▶ _DATA IN THIS EXERCISE_:

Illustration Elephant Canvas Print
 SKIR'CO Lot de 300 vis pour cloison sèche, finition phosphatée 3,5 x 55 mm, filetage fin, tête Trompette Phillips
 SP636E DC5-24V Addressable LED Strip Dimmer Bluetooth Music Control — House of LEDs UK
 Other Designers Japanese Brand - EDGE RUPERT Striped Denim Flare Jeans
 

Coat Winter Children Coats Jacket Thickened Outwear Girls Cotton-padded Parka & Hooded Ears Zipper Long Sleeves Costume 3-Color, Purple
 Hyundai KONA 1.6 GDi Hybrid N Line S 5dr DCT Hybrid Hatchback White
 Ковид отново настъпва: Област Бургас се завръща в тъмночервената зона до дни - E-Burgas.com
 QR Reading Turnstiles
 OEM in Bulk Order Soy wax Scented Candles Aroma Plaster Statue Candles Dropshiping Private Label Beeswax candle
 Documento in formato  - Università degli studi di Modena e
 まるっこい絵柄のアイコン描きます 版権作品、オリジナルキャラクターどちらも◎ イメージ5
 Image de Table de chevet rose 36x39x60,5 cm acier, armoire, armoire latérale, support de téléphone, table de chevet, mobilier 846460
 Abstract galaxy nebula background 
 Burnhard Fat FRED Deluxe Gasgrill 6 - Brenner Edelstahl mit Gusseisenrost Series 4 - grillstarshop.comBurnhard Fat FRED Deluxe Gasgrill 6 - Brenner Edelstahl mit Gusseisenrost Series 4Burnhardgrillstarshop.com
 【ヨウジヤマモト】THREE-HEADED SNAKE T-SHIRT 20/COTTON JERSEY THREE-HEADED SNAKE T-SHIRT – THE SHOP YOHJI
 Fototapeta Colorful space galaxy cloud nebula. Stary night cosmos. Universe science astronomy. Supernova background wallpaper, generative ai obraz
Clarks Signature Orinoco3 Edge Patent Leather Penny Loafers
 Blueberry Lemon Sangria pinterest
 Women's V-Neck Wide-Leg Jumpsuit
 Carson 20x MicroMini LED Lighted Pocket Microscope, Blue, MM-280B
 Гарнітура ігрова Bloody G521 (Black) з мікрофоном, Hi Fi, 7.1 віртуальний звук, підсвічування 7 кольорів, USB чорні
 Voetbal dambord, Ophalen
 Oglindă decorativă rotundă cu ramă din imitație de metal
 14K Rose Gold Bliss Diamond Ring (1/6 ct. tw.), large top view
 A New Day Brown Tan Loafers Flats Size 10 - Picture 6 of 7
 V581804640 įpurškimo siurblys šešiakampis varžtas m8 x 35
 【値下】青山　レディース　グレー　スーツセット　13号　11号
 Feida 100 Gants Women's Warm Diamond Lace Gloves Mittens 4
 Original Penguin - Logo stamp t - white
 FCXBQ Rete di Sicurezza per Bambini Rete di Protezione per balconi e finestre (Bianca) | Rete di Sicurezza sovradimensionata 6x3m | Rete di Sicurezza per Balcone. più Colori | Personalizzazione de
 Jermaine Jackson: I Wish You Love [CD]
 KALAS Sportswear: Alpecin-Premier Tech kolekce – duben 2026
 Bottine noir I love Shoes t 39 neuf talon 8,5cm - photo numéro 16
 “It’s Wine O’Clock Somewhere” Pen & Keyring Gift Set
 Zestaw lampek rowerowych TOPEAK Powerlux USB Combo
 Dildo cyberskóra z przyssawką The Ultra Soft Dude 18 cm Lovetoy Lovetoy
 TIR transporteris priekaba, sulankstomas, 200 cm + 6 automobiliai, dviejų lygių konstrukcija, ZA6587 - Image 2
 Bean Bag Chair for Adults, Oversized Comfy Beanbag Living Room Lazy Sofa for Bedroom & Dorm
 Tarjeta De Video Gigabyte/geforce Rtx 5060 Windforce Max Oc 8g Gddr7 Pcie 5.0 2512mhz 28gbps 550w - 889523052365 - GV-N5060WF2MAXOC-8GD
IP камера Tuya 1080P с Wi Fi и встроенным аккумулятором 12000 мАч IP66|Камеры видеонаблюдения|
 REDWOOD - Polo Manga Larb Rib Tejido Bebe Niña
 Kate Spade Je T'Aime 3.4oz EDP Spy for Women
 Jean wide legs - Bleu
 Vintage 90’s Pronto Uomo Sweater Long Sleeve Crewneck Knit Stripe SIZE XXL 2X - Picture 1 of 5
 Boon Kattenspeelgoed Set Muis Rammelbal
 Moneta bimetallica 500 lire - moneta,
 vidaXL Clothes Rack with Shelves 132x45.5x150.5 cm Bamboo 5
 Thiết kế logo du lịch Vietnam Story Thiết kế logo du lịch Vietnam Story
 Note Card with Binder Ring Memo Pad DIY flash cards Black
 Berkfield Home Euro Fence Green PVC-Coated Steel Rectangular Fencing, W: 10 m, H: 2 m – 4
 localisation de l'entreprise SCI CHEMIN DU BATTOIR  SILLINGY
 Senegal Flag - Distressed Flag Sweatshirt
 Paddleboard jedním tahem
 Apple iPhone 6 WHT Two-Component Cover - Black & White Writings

▶ _WORK TASK_:
After reading each line of the data, give only the number of lines that include the word "Diamond".

▶ _ANSWER FOR THE TASK_:
2